- Education: University of Pennsylvania BA, PhD Indiana University Bloomington MA
- Occupation: Writer
- Website: amysflutz.com

= Amy S.F. Lutz =

American historian of medicine and author

Amy S.F. Lutz is an American author and parent-advocate best known for her works on the topic of autism. Since 2018, she has been the vice-president of the National Council on Severe Autism (NCSA) and founding member. In her published work she often uses her son Jonah as an example of an autistic person with highly intensive support needs. Lutz is the author of three books, Chasing the Intact Mind (2023), We Walk: Life with Severe Autism (2020), and Each Day I Like It Better: Autism, ECT, and the Treatment of Our Most Impaired Children (2014). She has written content for various publications, including The Atlantic, Psychology Today, The Washington Post and Slate. In March 2026, she was named to the Independent Autism Coordinating Committee, an advisory board created by Alison Singer of the Autism Science Foundation amid concerns that United States Secretary of Health and Human Services Robert F. Kennedy Jr. had politicized the key federal autism advisory boards.

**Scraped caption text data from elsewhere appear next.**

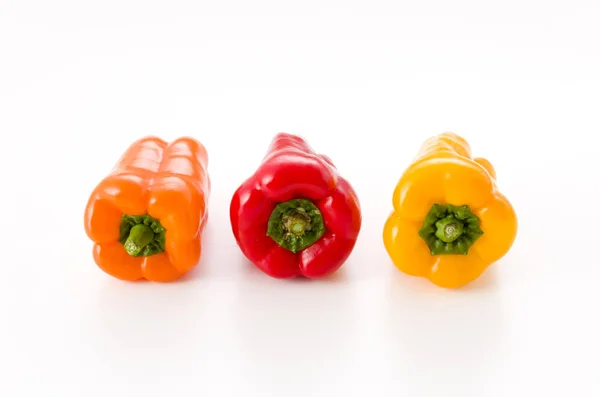 Colored Bell Pepper Isolated White Background — 스톡 사진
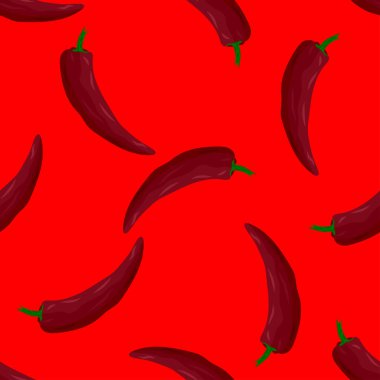 kırmızı arka planda dikişsiz taze biber deseni, vektör illüstrasyonu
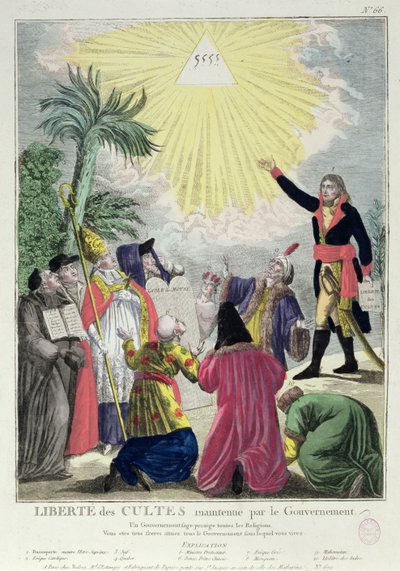 Alegoria konkordatu między Napoleonem Bonaparte (1769-1821) a papieżem Piusem VII (1742-1823) 1801 (patrz także 175951) autorstwa French School
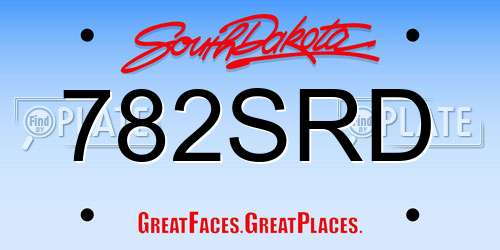 782SRD South Dakota License Plate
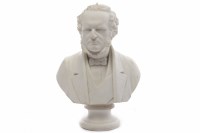 Lot 1108 - VICTORIAN PARIANWARE BUST OF EARL DERBY circa...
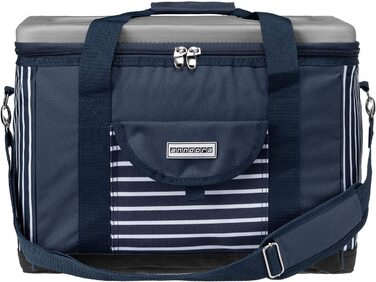Термосумка anndora XL 40 л – ізотермічна сумка-холодильник для пікніка, синьо-біла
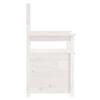 Vidaxl Banco, Blanco, 112,5X51,5X96,5 Cm, Madera Maciza de Pino
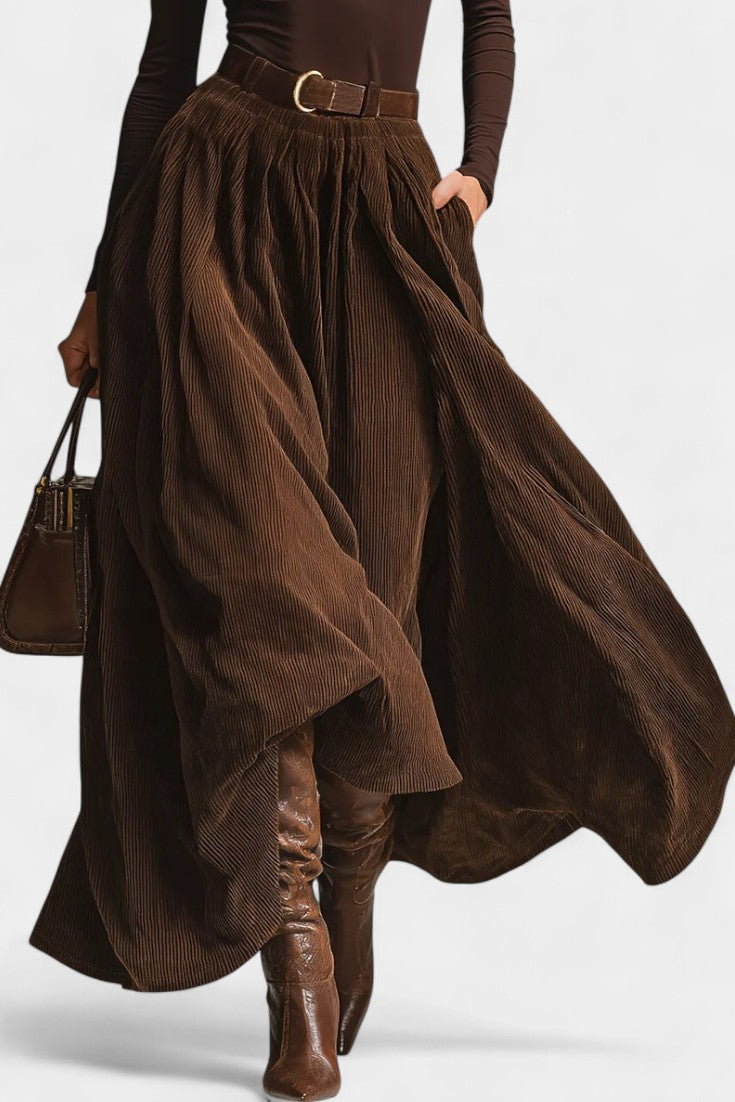 Fabia Dark Brown Turtleneck Ensemble with Corduroy Skirt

She is a senior lecturer at the University of Pennsylvania, a position she has held since at least 2023.

==Early life and education==
Lutz received her master's degree in 1997 from Indiana University Bloomington in fiction writing, a career path she pursued for years before giving it up, saying "[I]t just seemed a little self-indulgent. There was really nothing at stake. Nobody's lives were really impacted by what was unfolding ... as opposed to the really consequential things I was struggling with in my own life, raising a child with severe autism." She entered the PhD program at the University of Pennsylvania already a published author of Each Day I Like It Better. Her advisor there was Beth Linker. In 2022, she received her PhD from the University of Pennsylvania in the history and sociology of science.

As of 2023 Lutz teaches "bioethics and the history of medicine."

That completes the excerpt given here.